The journey to becoming functional wasn’t all roses and happiness; we made plenty mistakes along the way, took many paths that wasted time and resources, and discovered many challenging things while "working on our head." In the United Front paradigm, we want to bring you the cream of the crop of our experience, so that you can put it into use as quickly as possible.

Many of us multiples have allowed ourselves the self-image of being broken, of being abused, of being trigger-happy, of being helpless, of being childish, of being in desperate need of being saved.

I am not saying that all of these are untrue. However, our picture of ourselves contributes a great deal to how true these things are. We put ourselves in harms way. We allow ourselves to remain broken. We do have every right to claim the title of abused, or of being victims, or being broken, but how much does that claim really serve us? You are probably a physical adult. You will never be able to do anything to wipe away what happened to you in the past.
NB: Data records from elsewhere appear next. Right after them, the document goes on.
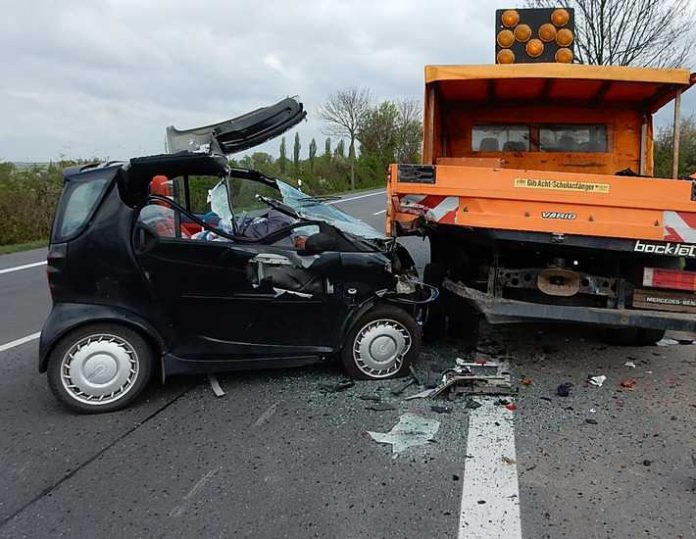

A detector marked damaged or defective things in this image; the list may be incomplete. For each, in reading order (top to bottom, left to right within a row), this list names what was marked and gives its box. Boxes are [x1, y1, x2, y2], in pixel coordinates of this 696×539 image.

shattered windshield [276, 180, 386, 239]
damaged bumper [444, 278, 696, 334]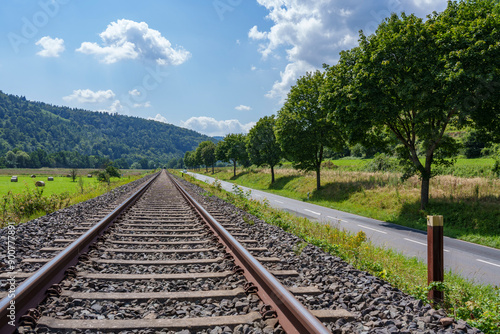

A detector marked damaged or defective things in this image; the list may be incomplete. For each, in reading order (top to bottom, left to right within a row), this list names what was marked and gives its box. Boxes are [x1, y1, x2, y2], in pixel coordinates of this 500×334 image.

rusty steel rail [0, 171, 159, 332]
rusty steel rail [169, 174, 332, 332]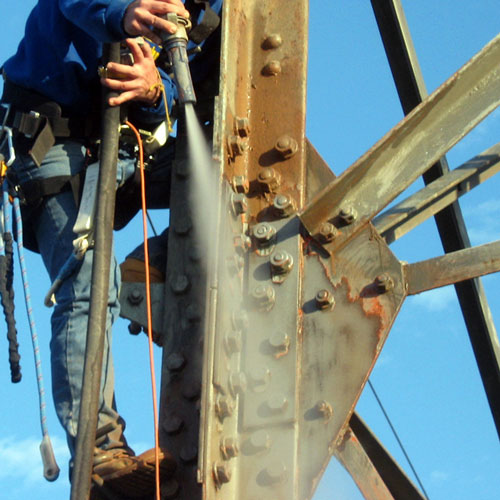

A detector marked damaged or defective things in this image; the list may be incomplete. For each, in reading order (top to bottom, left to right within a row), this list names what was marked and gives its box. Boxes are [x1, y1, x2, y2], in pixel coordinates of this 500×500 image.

rusty steel beam [298, 34, 500, 252]
rusty steel beam [370, 0, 500, 440]
rusty steel beam [376, 142, 500, 243]
rusty steel beam [406, 239, 500, 294]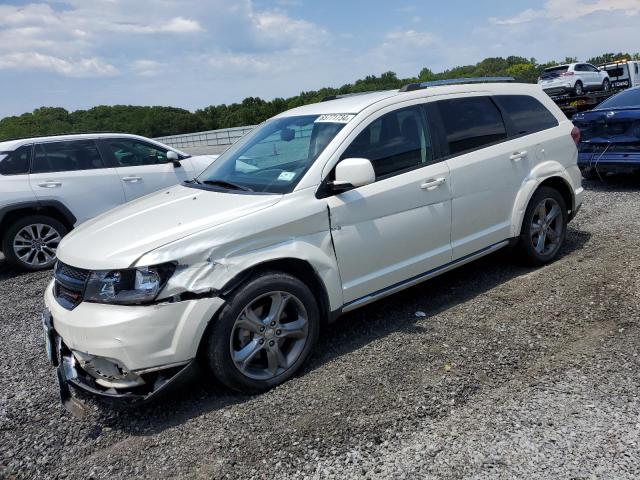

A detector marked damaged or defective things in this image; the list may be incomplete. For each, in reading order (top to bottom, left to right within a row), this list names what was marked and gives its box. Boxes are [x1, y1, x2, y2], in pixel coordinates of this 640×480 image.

broken headlight [84, 264, 178, 306]
damaged white suv [42, 79, 584, 404]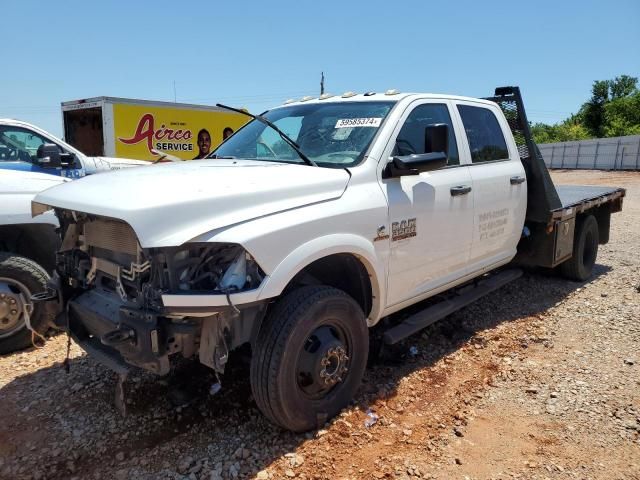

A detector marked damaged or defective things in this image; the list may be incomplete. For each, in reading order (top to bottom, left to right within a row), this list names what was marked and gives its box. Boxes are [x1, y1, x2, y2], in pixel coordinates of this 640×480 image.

damaged front end [52, 212, 268, 376]
crumpled hood [34, 160, 350, 248]
damaged white truck [31, 86, 624, 432]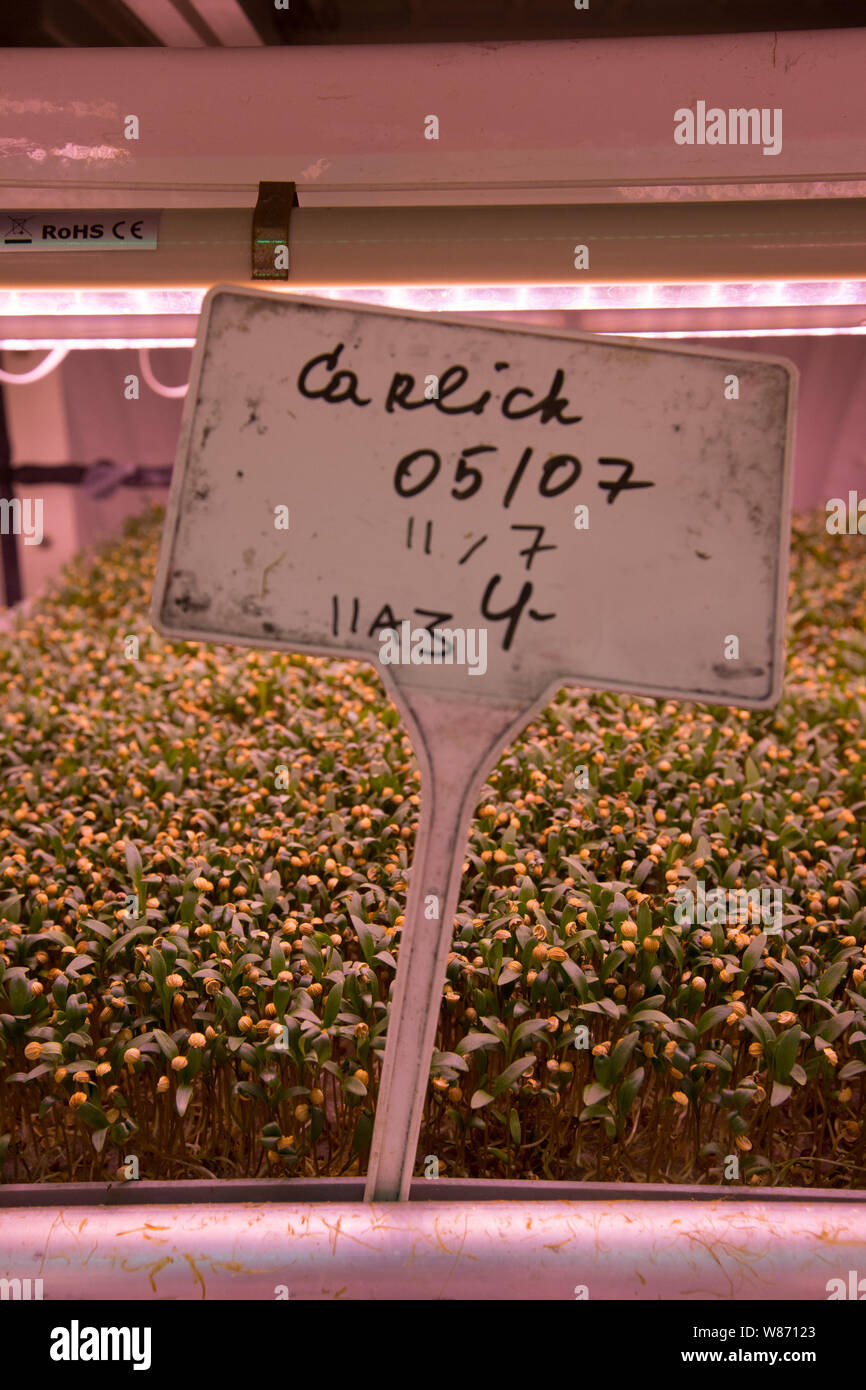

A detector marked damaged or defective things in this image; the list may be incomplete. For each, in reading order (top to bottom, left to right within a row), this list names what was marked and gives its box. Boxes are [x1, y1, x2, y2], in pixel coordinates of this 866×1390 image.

Your choice is whether you want to live with those experiences as a huge and overwhelming burden or if you want to dump the burden and get on with life.

I asked you to wipe your feet upon entering. I don’t need you to bring your outside mud of the dirty and nasty things you’ve been through when you enter my home. And you don’t need it in your home either. Did you walk through the mud and ice? Yes. Do you need to bring it into the present, into your mind, into your mental home, to muck things up and make a bigger job of cleaning house? No. Absolutely not. Do yourself a favor, and request everyone to wipe their feet before they come into your home too. Our past experiences should not be an excuse to be abusive to others, including the others in our own head.